In the hands of writer Alan Moore and artists Stephen Bissette and John
Totleben, Swamp Thing has begun the transformation only hinted at before. He
has tapped into the earth’s power in a way Arcane can only lust after, and will
gradually become that “earth elemental” because of his new-found awareness of
his place in the whole. No longer the smooth green monster of Dark Genesis, he
has now become a shaggy creature of leaves, tubers, roots and flowers, a kind of
miniature earth smelling (in Abby’s words) of “life and loam and autumn” (37).

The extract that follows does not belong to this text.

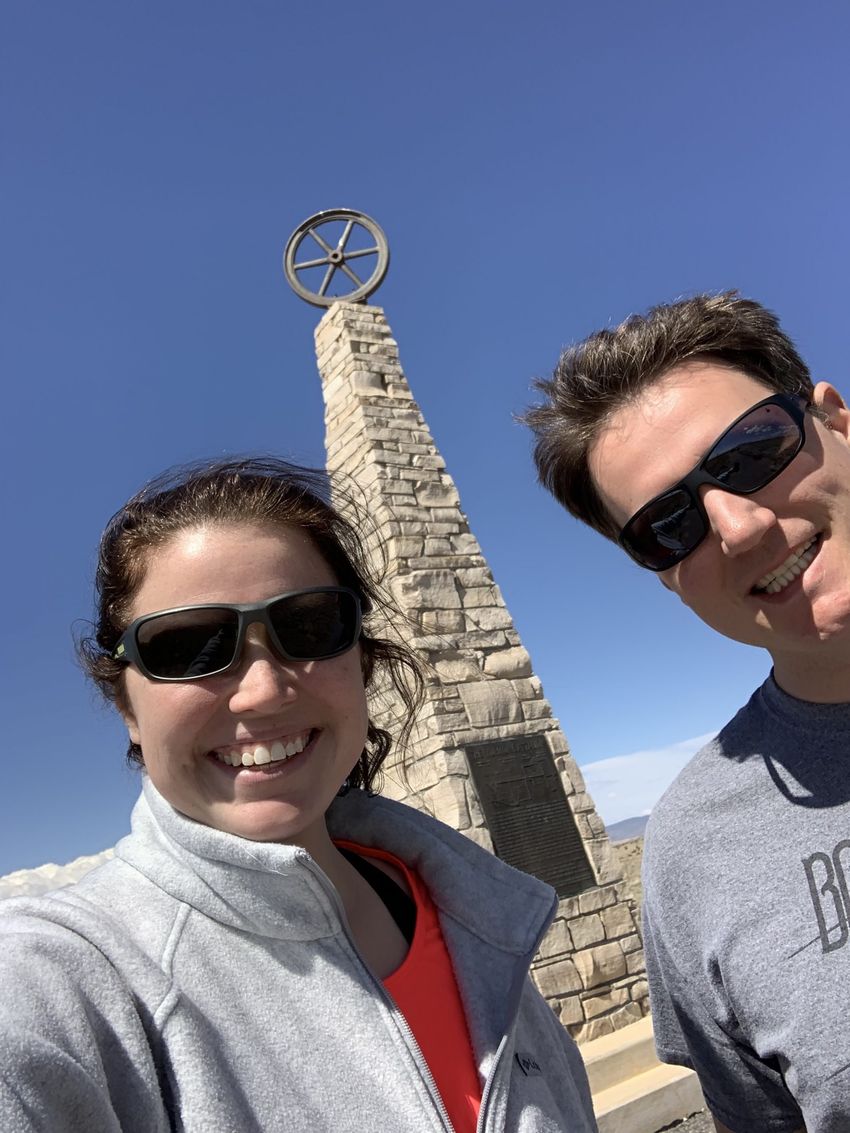 Brent and Tayler taking a selfie in front of the Mormon Battalion Monument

He is now, as he tells Abby, “in touch with the seasons” (12), a creature of connection
rather than conflict, gentleness rather than aggression, love rather than alienation—
in short, a creature more female than male.7If Dark Genesis had little or no structure,
Love and Death is highly structured, beginning in autumn, recounting parallel
journeys into darkness, evil and death, and ending in spring, with a return to the
light and a celebration of life. Swamp Thing and Abby must accomplish harrowing
odysseys, in the name of love and knowledge. But not that masculine, scientific
knowledge traditionally revered in comic books; rather, a recognition of the
complexities of the world (the gradations of good and evil, woman and man) and
a bleak lesson in just how destructive gender definitions can be.8
To set the scene: Arcane has cast Abby’s soul into hell (a place he has lately
returned from) as a challenge to Swamp Thing and a demonstration of his power.